Task prompt -> Please give back, word for word, only the lines starting at the one containing "EPN1 Antibody (Center)" and ending at the one containing "OR8K1 Protein - 12.5%" within the material below.

Record extracts ->
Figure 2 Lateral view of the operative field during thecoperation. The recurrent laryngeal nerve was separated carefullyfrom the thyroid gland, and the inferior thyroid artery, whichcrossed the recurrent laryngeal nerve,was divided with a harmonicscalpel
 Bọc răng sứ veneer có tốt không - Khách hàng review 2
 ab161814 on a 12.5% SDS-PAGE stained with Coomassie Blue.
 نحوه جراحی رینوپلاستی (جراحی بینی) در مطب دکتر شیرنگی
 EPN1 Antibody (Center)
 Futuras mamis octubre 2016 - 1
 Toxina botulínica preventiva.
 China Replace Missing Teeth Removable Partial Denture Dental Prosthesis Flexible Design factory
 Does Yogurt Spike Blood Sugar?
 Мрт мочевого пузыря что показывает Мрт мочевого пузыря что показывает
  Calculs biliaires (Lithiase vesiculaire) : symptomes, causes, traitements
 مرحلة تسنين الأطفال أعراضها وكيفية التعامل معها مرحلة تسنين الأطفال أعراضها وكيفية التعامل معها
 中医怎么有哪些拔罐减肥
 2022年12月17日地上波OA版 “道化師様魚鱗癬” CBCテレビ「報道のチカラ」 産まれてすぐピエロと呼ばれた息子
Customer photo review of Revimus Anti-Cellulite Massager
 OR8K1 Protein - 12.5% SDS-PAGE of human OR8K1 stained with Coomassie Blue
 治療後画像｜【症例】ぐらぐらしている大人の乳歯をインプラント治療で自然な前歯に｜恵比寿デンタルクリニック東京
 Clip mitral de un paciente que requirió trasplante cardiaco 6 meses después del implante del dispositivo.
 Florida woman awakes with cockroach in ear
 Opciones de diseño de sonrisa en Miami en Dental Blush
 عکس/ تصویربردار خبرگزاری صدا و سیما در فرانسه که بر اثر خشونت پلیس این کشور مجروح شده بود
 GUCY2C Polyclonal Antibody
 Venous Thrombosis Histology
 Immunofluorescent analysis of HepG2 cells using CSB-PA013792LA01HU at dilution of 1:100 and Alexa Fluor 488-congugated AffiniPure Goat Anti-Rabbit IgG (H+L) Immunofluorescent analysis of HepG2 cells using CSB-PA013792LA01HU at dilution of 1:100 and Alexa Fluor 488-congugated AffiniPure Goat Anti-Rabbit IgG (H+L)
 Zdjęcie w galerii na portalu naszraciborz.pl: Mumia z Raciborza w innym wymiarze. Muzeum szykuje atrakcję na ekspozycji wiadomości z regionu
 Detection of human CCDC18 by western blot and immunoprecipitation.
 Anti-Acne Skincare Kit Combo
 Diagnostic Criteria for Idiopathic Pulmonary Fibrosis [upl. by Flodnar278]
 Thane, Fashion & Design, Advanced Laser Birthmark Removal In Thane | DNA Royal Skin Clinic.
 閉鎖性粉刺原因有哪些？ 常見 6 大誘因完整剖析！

Problem solution ->
 EPN1 Antibody (Center)
 Futuras mamis octubre 2016 - 1
 Toxina botulínica preventiva.
 China Replace Missing Teeth Removable Partial Denture Dental Prosthesis Flexible Design factory
 Does Yogurt Spike Blood Sugar?
 Мрт мочевого пузыря что показывает Мрт мочевого пузыря что показывает
  Calculs biliaires (Lithiase vesiculaire) : symptomes, causes, traitements
 مرحلة تسنين الأطفال أعراضها وكيفية التعامل معها مرحلة تسنين الأطفال أعراضها وكيفية التعامل معها
 中医怎么有哪些拔罐减肥
 2022年12月17日地上波OA版 “道化師様魚鱗癬” CBCテレビ「報道のチカラ」 産まれてすぐピエロと呼ばれた息子
Customer photo review of Revimus Anti-Cellulite Massager
 OR8K1 Protein - 12.5% SDS-PAGE of human OR8K1 stained with Coomassie Blue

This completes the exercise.